Doing The “Right Thing” May Be Keeping You Stuck
I’ve never been very good at making decisions. I envy my friends who are confident and decisive and who make a choice and own it, all the way to the end.
For me, that’s hard.
To be frank, even the smallest decisions are a challenge for me.
Recently I was speaking at a conference and one morning, before I headed to the event center, I decided I’d really like to get a cup of coffee. I knew there was a Starbucks within walking distance from my hotel, and the conference wasn’t far either, so I made the decision to stop on my way.
As I got in line at Starbucks, I checked my phone to make sure I was okay on time.
Five minutes passed. Then six minutes.
And as I looked at the length of the line still in front of me, I started to feel nervous I was going to be late.
So I stepped out of line, resigning to find coffee later.
This was the right decision, I told myself.
But when I arrived at the conference a few minutes later, I realized the doors hadn’t even opened yet, and general session wasn’t starting for another 15 minutes… at least. Why had I been so worried about time? I wondered to myself. I could have waited. In fact… I could probably still make it back to Starbucks and then back to the conference before things got started.
I stood there thinking about it for a few minutes before I decided—you guessed it—to walk back to Starbucks and get in line again.
And I can’t believe I’m admitting this, but as I stood in line at Starbucks for the second time, my mind started spinning. Did I really have time to wait? Was I just being selfish in my need for coffee? Did I really need to spend the money?
Should I have just stayed at the conference center?
Maybe I should get out of line again…?
Yes, I’m exhausting.
I forced myself to stay in line and get my coffee and—no big surprise here, but—I was on time to the conference and nothing terrible or dramatic happened.
But ever since then I’ve been thinking about this frustrating tendency I have to obsess over decisions and go back and forth and back and forth, looking for the “right” answer.
How am I supposed to make decisions like what house to buy, or where to invest my money or whether to stay in a relationship or leave it behind, if I can’t even make a choice about a stupid cup of coffee?
There is so much at play here.
The problem includes how little I trust my own intuition, how little permission I give myself to mistakes (perfectionism), how little faith I have in my ability to overcome problems and obstacles, etc.
But recently a friend said something to me that illuminated this problem for me in a whole new way.
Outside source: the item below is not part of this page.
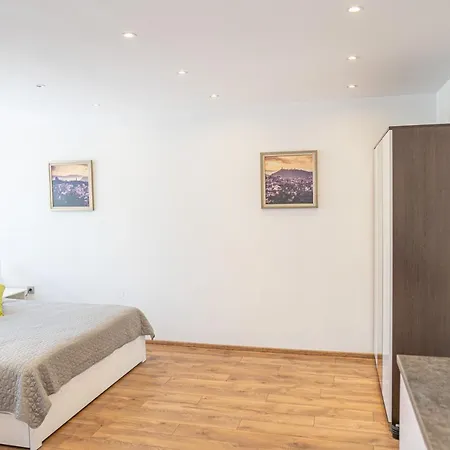 Shushi's Apartament *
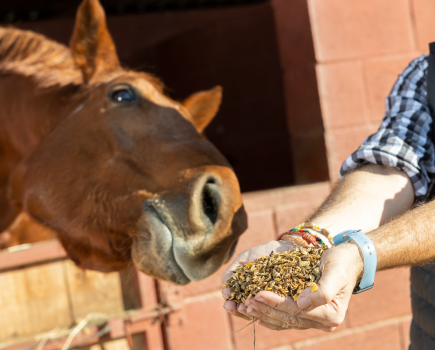 Feeding a horse who is a poor doer involves a low calorie but balanced diet and doing enough work to burn the calories they are eating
First of all, he suggested that perhaps trying so hard to do the “right thing” wasn’t serving me the way I thought it was.
Because the right thing for you, he mentioned, might not be the right thing for every person. And the “right thing” for the person next to you might not be the “right thing” for you.
We’re constantly trying to measure our own progress and choices by what everyone else around us is doing.
We so desperately want guarantees—when the truth is there are none.
Second, he said, “compliance is a form of resistance.”
It took me a minute to understand what he was saying, but eventually I knew he was right. Compliance (rule-following, a constant obsession with finding the “right” answer) is a form of resistance.
So in other words, my own desperate need to find the “right” answer to the question, the “right” college, the “right” house, the “right” decision about something as dumb as coffee is actually my resistance to fully engaging with my life, to doing my own inner work, to owning my choices.
It is my protection against failure or disappointment, my attempt to disengage and skip the accountability I have for myself and for my life.
My desire for a formula or a step-by-step process or someone to give me the answers is my resistance against the transforming process that takes place when we find the answers in the context of relationship, but within ourselves.
Yikes.
That is me. Or, it was me.
There is value in asking for feedback or advice from others. There is value from learning from those who have gone before us. There is value in asking for support. There is even value in asking for boundaries or limits, or setting some of your own.
But I guess I’m starting to see what I’m missing by “following the rules,” just because they’re the rules, or by constantly seeking the “right” answer to every question, or by beating myself up for making what now seems like the “wrong” choice “back then” (“If only you had stayed in that Starbucks line the first time!”)
I’m missing the process of unfolding and learning and growing and becoming me.
And that’s not a trade I’m willing to make anymore.